Top of Extracted material

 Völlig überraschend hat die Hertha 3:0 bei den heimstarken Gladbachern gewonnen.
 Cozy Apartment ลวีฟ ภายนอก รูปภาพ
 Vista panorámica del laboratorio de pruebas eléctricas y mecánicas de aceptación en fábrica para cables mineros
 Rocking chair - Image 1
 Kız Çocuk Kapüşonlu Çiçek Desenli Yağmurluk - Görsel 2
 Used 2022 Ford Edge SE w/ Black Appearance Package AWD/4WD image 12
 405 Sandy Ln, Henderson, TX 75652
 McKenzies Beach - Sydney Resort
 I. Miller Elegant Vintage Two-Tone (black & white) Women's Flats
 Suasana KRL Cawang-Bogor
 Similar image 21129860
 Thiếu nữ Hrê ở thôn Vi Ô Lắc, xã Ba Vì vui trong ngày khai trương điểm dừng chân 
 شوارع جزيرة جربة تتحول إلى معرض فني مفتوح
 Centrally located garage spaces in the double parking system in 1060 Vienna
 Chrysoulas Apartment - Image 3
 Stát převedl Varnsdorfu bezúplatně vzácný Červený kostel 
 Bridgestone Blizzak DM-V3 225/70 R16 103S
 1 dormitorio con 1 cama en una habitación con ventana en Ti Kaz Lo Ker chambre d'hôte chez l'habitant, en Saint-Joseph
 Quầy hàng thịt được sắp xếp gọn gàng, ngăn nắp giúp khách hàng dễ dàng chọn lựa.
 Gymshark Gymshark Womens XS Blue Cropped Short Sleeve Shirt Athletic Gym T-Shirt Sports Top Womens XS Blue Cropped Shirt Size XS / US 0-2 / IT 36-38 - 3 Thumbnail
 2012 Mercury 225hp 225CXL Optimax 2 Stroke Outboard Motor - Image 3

Bottom of Extracted material

> The task: Set down only the lines from the line with "Suasana KRL Cawang-Bogor" through the last line of the data above, keeping both the first and the last.

> Response box:
 Suasana KRL Cawang-Bogor
 Similar image 21129860
 Thiếu nữ Hrê ở thôn Vi Ô Lắc, xã Ba Vì vui trong ngày khai trương điểm dừng chân 
 شوارع جزيرة جربة تتحول إلى معرض فني مفتوح
 Centrally located garage spaces in the double parking system in 1060 Vienna
 Chrysoulas Apartment - Image 3
 Stát převedl Varnsdorfu bezúplatně vzácný Červený kostel 
 Bridgestone Blizzak DM-V3 225/70 R16 103S
 1 dormitorio con 1 cama en una habitación con ventana en Ti Kaz Lo Ker chambre d'hôte chez l'habitant, en Saint-Joseph
 Quầy hàng thịt được sắp xếp gọn gàng, ngăn nắp giúp khách hàng dễ dàng chọn lựa.
 Gymshark Gymshark Womens XS Blue Cropped Short Sleeve Shirt Athletic Gym T-Shirt Sports Top Womens XS Blue Cropped Shirt Size XS / US 0-2 / IT 36-38 - 3 Thumbnail
 2012 Mercury 225hp 225CXL Optimax 2 Stroke Outboard Motor - Image 3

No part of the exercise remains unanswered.